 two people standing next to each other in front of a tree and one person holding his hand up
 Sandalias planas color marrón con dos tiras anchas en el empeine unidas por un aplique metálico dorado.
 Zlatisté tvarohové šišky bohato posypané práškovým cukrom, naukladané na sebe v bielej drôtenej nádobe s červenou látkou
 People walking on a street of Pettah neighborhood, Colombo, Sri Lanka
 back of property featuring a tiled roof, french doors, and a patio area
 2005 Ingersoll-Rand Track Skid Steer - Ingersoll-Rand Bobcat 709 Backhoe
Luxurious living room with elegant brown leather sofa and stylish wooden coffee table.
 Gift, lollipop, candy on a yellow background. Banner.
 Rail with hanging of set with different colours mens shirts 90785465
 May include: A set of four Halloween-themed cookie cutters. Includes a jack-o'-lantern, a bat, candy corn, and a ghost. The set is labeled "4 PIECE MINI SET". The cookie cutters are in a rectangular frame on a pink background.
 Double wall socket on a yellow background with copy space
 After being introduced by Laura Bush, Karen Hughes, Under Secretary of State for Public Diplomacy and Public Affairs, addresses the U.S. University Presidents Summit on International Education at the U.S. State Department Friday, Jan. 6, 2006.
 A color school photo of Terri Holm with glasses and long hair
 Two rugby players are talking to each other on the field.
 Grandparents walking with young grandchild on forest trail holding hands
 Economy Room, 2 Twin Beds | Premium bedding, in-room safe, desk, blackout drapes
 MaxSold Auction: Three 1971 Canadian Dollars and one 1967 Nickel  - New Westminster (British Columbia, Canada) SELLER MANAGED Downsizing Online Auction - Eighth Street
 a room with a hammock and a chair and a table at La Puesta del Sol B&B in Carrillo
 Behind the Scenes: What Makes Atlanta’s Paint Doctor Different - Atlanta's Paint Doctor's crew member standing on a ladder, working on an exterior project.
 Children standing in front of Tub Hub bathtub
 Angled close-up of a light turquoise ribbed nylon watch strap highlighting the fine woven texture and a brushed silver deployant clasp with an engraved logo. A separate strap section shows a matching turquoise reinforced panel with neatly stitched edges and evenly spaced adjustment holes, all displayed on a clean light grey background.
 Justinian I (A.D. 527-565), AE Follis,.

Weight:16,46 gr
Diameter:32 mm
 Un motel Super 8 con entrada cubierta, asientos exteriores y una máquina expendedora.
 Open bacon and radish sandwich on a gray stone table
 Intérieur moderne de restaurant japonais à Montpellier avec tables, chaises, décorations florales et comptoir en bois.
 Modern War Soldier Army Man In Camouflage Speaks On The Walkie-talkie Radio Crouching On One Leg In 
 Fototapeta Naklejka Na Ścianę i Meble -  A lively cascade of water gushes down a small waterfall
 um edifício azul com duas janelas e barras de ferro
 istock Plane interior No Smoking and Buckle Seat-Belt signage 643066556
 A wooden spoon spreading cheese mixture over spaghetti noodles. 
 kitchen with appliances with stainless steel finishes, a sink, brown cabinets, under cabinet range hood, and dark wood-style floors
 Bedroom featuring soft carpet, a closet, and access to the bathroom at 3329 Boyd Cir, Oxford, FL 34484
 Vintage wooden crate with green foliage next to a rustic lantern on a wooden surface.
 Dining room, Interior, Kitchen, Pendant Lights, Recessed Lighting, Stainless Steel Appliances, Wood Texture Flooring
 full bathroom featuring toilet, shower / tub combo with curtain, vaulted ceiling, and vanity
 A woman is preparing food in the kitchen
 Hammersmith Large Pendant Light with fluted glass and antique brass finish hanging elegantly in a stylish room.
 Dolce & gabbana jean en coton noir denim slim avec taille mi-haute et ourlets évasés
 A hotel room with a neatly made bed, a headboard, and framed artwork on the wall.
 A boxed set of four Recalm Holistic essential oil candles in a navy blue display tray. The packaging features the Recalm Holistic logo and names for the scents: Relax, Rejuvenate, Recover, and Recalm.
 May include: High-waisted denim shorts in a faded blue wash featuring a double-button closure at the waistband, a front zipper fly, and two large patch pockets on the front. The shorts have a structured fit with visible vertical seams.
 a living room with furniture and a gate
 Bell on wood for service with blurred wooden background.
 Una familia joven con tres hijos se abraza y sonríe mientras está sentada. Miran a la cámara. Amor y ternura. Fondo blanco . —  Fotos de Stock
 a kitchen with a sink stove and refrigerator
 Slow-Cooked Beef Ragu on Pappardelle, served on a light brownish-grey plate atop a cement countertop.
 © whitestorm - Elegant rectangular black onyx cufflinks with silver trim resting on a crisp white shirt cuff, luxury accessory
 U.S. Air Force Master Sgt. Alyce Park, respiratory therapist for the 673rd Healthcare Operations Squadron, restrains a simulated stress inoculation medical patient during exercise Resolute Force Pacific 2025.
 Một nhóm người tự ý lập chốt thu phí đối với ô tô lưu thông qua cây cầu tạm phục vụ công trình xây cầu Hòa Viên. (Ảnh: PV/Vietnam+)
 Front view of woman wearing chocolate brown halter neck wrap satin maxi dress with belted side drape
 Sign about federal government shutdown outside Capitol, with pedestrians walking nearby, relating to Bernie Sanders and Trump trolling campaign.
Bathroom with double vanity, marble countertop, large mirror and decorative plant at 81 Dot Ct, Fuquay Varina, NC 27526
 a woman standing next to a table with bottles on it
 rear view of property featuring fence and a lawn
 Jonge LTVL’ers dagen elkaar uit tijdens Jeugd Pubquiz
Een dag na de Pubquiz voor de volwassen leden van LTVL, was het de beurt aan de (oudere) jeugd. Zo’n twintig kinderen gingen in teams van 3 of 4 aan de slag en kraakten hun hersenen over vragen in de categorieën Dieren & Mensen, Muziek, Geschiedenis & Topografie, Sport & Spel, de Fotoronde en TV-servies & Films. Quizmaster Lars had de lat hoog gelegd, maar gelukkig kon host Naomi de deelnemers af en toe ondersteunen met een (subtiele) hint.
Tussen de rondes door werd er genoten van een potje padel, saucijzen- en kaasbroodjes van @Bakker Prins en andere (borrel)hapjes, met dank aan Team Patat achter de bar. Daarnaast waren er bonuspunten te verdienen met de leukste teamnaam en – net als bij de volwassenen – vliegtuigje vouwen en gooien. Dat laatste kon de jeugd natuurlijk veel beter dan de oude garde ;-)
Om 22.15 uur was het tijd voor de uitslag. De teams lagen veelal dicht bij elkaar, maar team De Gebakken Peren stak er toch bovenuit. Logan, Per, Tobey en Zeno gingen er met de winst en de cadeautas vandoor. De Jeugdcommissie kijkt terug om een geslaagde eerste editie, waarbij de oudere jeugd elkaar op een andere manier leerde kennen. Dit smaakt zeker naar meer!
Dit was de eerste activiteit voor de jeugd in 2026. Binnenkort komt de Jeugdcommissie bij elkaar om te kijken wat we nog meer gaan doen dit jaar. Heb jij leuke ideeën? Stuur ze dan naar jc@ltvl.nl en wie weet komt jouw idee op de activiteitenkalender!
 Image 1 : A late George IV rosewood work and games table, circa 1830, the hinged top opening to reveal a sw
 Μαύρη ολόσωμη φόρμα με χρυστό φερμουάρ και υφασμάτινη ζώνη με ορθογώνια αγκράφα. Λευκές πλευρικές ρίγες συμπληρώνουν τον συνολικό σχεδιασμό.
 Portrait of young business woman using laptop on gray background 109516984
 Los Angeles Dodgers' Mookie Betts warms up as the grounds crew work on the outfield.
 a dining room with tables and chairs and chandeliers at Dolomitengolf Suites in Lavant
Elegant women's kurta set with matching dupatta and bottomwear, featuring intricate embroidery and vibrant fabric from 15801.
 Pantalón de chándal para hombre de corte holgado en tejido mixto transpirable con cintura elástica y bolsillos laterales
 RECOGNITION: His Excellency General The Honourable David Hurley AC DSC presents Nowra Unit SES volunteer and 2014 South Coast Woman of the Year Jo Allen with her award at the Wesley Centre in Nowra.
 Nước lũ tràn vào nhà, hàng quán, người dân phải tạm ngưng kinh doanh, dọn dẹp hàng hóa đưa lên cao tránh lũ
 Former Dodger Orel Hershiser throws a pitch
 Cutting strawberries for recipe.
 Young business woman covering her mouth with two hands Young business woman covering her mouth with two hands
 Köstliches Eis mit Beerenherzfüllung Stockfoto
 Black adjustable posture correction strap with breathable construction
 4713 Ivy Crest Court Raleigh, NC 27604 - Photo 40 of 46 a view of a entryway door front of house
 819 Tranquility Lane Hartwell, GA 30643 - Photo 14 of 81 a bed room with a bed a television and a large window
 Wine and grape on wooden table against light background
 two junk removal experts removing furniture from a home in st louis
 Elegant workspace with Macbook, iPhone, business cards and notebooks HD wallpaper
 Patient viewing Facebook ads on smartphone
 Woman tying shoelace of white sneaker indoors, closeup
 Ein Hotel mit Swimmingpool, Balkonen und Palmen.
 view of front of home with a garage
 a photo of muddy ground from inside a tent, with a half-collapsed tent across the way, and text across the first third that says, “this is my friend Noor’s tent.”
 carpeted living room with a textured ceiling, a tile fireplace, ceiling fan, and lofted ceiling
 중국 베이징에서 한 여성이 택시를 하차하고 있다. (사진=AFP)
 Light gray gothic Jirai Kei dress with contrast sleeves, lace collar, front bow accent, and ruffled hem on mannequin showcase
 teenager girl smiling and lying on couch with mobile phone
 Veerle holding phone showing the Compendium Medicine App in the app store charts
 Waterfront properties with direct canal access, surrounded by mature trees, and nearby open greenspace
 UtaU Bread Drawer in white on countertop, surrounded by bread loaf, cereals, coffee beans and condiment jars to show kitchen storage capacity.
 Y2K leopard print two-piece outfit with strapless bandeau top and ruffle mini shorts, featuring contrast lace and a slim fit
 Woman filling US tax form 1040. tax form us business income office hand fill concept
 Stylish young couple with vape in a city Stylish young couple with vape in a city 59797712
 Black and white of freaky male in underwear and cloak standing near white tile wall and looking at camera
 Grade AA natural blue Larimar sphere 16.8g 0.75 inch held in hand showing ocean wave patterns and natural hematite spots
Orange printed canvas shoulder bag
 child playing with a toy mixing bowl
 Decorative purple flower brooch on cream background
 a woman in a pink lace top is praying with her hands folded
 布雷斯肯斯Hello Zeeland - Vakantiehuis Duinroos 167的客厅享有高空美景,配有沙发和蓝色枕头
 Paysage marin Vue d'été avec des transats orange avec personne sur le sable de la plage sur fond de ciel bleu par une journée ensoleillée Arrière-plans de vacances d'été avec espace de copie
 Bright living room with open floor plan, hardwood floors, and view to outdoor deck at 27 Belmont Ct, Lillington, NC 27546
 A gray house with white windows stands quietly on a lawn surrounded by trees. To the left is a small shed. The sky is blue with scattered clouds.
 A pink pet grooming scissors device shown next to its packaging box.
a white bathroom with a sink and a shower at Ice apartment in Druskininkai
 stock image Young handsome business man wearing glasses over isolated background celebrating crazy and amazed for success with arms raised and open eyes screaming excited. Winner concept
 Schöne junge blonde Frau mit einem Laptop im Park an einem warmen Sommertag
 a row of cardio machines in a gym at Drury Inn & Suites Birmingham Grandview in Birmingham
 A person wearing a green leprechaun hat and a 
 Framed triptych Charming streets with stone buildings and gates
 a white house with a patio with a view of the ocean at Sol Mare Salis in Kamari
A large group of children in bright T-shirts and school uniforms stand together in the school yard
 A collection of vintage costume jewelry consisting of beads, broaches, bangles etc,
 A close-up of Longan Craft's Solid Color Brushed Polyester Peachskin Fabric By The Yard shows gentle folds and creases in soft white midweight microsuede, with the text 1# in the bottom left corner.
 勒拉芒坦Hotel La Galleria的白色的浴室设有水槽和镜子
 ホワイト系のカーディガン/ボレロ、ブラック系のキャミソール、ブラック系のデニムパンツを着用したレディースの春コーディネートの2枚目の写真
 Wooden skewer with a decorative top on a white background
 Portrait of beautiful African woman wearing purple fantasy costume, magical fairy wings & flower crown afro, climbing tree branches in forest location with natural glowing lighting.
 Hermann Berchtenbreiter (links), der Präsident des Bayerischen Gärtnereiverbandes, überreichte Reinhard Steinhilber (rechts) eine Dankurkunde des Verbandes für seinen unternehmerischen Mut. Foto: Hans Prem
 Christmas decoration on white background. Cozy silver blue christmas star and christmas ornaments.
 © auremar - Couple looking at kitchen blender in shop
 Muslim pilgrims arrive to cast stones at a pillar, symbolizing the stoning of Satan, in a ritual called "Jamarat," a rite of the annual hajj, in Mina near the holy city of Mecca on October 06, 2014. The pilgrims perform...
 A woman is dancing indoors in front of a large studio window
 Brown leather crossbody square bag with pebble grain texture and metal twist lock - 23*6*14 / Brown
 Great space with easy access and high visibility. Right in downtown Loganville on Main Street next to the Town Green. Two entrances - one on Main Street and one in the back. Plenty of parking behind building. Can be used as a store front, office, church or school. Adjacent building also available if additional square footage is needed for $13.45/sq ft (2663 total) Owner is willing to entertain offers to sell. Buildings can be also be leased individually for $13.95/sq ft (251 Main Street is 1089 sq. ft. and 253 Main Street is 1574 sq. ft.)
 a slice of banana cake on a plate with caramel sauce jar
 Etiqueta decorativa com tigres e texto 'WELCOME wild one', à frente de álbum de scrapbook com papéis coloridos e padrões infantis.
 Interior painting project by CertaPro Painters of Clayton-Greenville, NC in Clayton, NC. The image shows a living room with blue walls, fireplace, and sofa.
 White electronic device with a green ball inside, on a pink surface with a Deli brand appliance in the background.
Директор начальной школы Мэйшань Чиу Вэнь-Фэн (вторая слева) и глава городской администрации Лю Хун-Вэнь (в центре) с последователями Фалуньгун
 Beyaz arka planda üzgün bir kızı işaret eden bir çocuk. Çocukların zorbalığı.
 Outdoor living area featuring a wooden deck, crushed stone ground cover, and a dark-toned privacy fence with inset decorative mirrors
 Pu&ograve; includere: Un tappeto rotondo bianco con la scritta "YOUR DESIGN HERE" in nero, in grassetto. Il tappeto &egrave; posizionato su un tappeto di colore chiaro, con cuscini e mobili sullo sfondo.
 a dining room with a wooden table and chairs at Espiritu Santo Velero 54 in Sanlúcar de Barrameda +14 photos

=======

» **REQUIREMENT**: What do the lines above say from the one containing "a photo of muddy" down to the one containing "布雷斯肯斯Hello Zeeland - Vakantiehuis"? Return them exactly, both end lines included, and only them.

» **EXERCISE RESULT**:
 a photo of muddy ground from inside a tent, with a half-collapsed tent across the way, and text across the first third that says, “this is my friend Noor’s tent.”
 carpeted living room with a textured ceiling, a tile fireplace, ceiling fan, and lofted ceiling
 중국 베이징에서 한 여성이 택시를 하차하고 있다. (사진=AFP)
 Light gray gothic Jirai Kei dress with contrast sleeves, lace collar, front bow accent, and ruffled hem on mannequin showcase
 teenager girl smiling and lying on couch with mobile phone
 Veerle holding phone showing the Compendium Medicine App in the app store charts
 Waterfront properties with direct canal access, surrounded by mature trees, and nearby open greenspace
 UtaU Bread Drawer in white on countertop, surrounded by bread loaf, cereals, coffee beans and condiment jars to show kitchen storage capacity.
 Y2K leopard print two-piece outfit with strapless bandeau top and ruffle mini shorts, featuring contrast lace and a slim fit
 Woman filling US tax form 1040. tax form us business income office hand fill concept
 Stylish young couple with vape in a city Stylish young couple with vape in a city 59797712
 Black and white of freaky male in underwear and cloak standing near white tile wall and looking at camera
 Grade AA natural blue Larimar sphere 16.8g 0.75 inch held in hand showing ocean wave patterns and natural hematite spots
Orange printed canvas shoulder bag
 child playing with a toy mixing bowl
 Decorative purple flower brooch on cream background
 a woman in a pink lace top is praying with her hands folded
 布雷斯肯斯Hello Zeeland - Vakantiehuis Duinroos 167的客厅享有高空美景,配有沙发和蓝色枕头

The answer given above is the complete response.